→ **Work item**
Each entry must be given again exactly as it appears, with images excluded.

→ **Records shown**
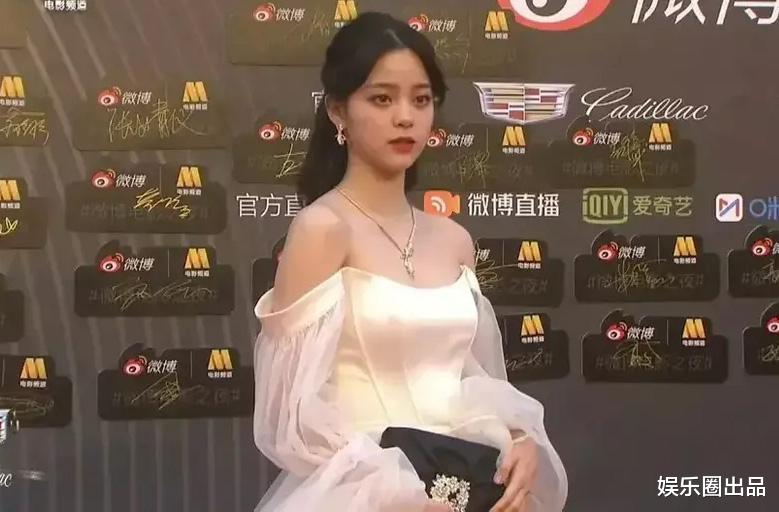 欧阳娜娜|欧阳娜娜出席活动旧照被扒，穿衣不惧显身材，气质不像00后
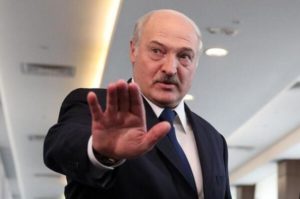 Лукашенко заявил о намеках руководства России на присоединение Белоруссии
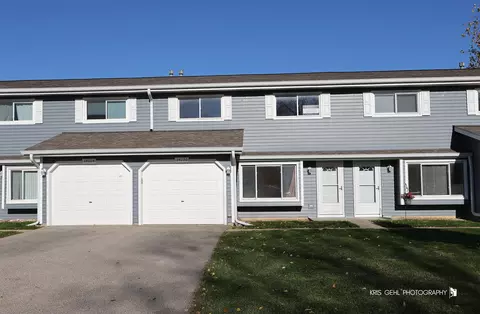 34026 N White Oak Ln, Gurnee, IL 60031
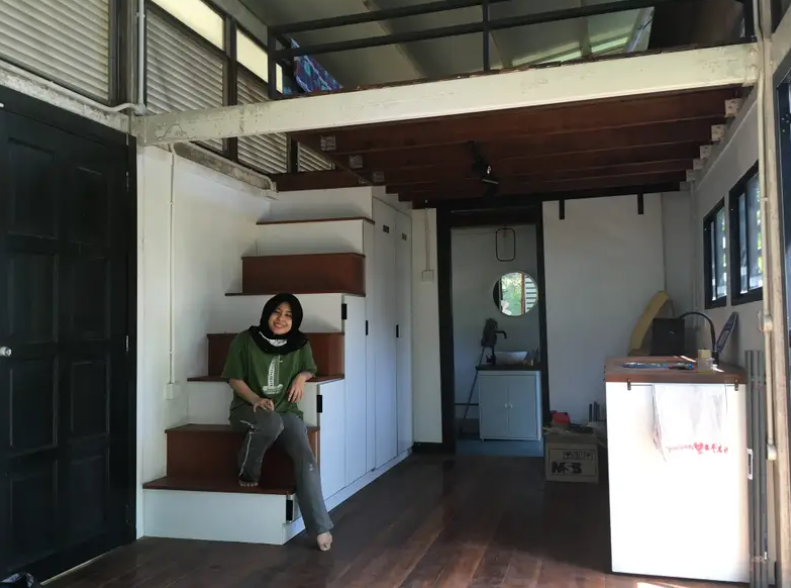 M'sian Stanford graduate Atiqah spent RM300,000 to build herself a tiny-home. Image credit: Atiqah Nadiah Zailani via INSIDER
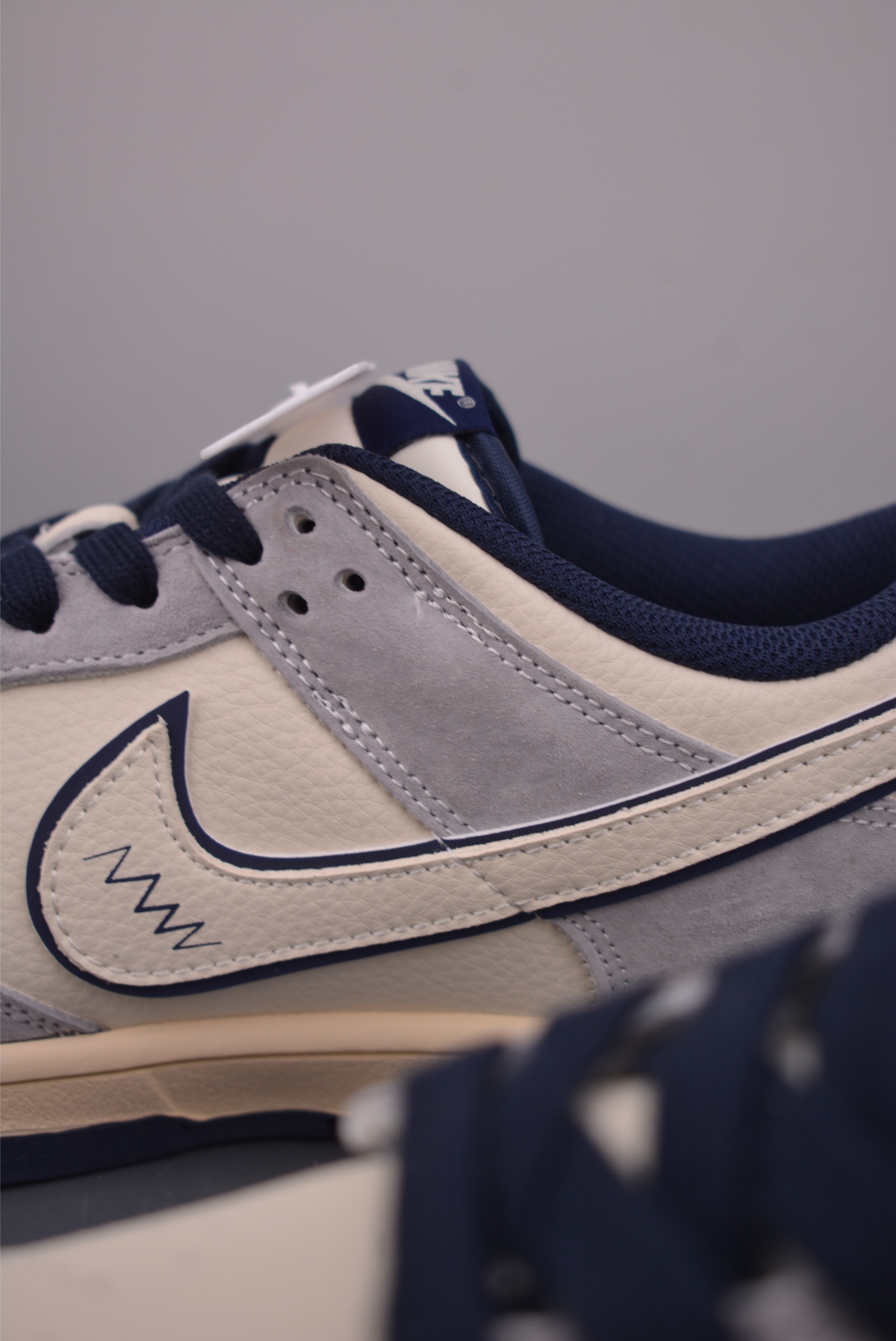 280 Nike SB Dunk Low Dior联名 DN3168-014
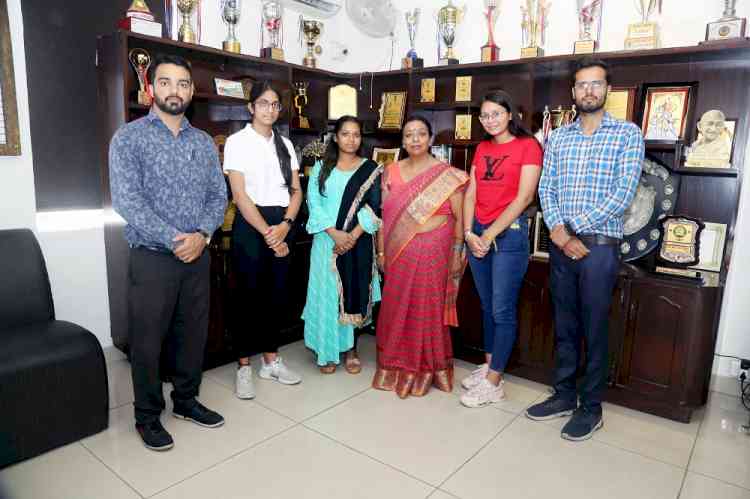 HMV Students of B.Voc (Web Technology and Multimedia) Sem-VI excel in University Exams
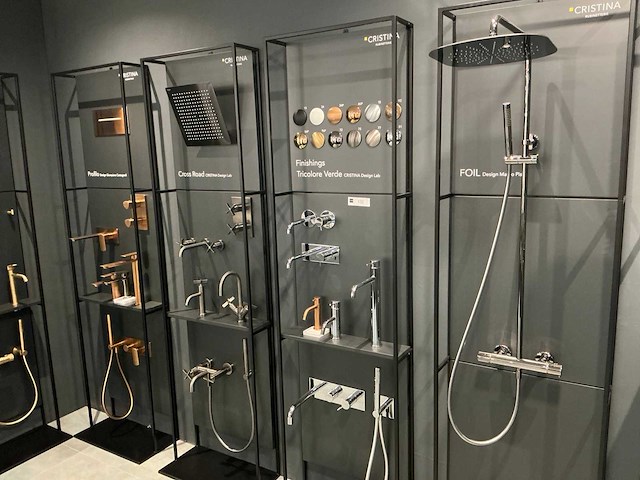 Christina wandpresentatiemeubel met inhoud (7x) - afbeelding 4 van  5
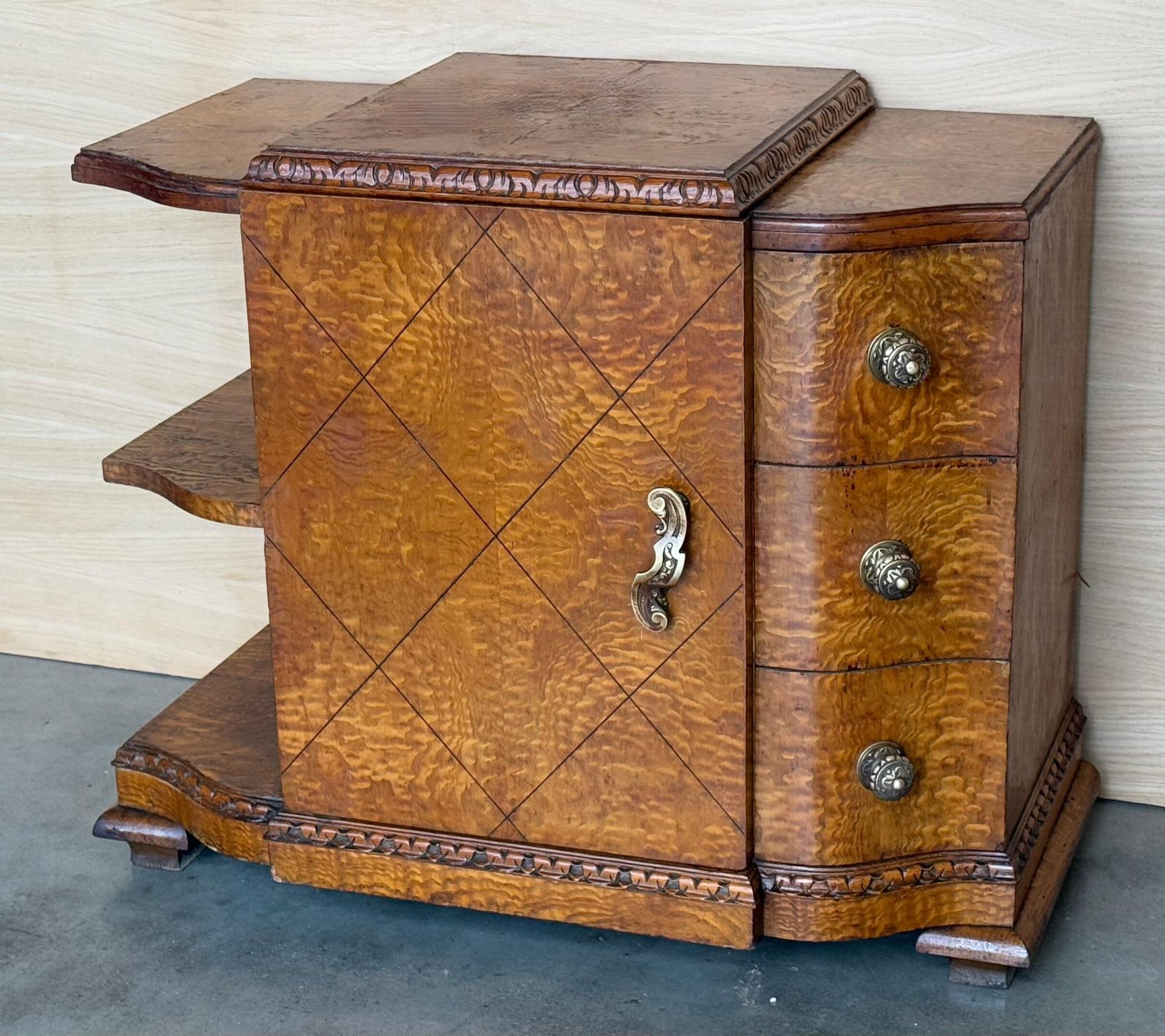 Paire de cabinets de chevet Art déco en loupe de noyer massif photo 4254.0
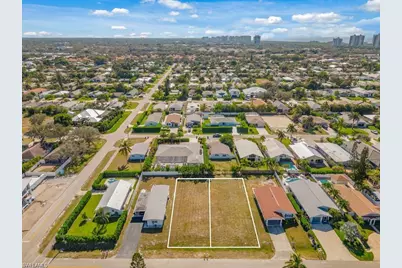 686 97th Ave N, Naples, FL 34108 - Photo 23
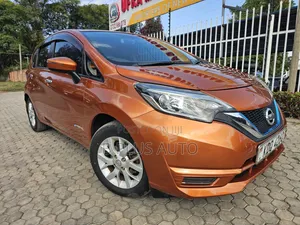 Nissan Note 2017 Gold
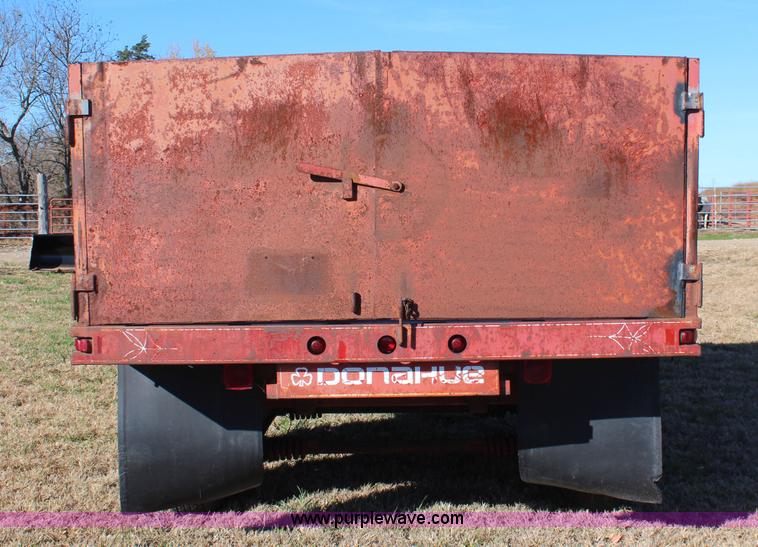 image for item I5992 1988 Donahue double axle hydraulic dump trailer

→ **Solution to this task**
 欧阳娜娜|欧阳娜娜出席活动旧照被扒，穿衣不惧显身材，气质不像00后
 Лукашенко заявил о намеках руководства России на присоединение Белоруссии
 34026 N White Oak Ln, Gurnee, IL 60031
 M'sian Stanford graduate Atiqah spent RM300,000 to build herself a tiny-home. Image credit: Atiqah Nadiah Zailani via INSIDER
 280 Nike SB Dunk Low Dior联名 DN3168-014
 HMV Students of B.Voc (Web Technology and Multimedia) Sem-VI excel in University Exams
 Christina wandpresentatiemeubel met inhoud (7x) - afbeelding 4 van  5
 Paire de cabinets de chevet Art déco en loupe de noyer massif photo 4254.0
 686 97th Ave N, Naples, FL 34108 - Photo 23
 Nissan Note 2017 Gold
 image for item I5992 1988 Donahue double axle hydraulic dump trailer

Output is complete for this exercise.